Exact and approximate algorithms for the most connected vertex problem

Abstract

An (edge) hidden graph is a graph whose edges are notexplicitly given. Detecting the presence of an edge requires an expensive edge probing query. We consider the k Most Connected Vertex ( k -MCV) problem on hidden bipartite graphs. Given a bipartite graph G with independent vertex sets B and W , the goal is to find the k vertices in B with the largest degrees using the minimum number of queries. This problem can be regarded as a top- k extension of semi-join, and is encountered in several applications in practice. If B and W have n and m vertices, respectively, the number of queries needed to solve the problem is nm in the worst case. This, however, is a pessimistic estimate on how many queries are necessary on practical data.

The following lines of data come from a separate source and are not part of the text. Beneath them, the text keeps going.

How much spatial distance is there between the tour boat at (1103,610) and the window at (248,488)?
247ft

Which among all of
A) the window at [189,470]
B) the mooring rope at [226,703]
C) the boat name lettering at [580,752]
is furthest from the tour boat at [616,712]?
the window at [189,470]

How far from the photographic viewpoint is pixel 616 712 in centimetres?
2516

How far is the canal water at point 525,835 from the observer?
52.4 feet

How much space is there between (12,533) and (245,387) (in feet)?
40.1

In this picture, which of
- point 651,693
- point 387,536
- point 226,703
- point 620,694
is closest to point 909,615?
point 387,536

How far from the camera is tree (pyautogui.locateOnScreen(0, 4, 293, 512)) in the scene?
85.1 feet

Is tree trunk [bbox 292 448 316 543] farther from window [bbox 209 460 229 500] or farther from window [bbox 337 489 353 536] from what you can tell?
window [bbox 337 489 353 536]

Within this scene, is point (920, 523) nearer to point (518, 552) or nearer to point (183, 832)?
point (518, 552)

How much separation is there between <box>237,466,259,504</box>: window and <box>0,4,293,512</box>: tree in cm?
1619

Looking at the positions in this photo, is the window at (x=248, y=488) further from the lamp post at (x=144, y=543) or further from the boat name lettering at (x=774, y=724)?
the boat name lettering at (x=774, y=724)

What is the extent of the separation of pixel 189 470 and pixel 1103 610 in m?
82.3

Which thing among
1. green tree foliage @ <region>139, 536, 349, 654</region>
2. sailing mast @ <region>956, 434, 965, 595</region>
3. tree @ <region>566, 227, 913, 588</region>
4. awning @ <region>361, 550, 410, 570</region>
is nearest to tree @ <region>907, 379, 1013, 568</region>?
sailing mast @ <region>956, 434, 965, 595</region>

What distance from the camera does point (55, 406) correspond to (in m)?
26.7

In fact, on some inputs, the problem may be settled with only km + n queries, which is significantly lower than nm for k ≪ n . The huge difference between km + n and nm makes it interesting to design an adaptive algorithm that is guaranteed to achieve the best possible performance on every input G . For k ≤ n /2, we give an algorithm that is instance optimal among a broad class of solutions. This means that, for any G , our algorithm can perform more queries than the optimal solution (which is unknown) by only a constant factor, which can be shown at most 2. As a second step, we study an ε-approximate version of the k -MCV problem, where ε is a parameter satisfying 0 < ε < 1. The goal is to return k black vertices b 1 , …, b k such that the degree of b i ( i ≤ k ) can be smaller than t i by a factor of at most ε, where t i , …, t k (in nonascending order) are the degrees of the k most connected black vertices. We give an efficient randomized algorithm that successfully finds the correct answer with high probability. In particular, for a fixed ε and a fixed success probability, our algorithm performs o(nm) queries in expectation for t k = ω(log n ). In other words, whenever t k is greater than log n by more than a constant, our algorithm beats the Ω( nm ) lower bound for solving the k -MCV problem exactly. All the proposed algorithms, despite the complication of their underlying theory, are simple enough for easy implementation in practice. Extensive experiments have confirmed that their performance in reality agrees with our theoretical findings very well.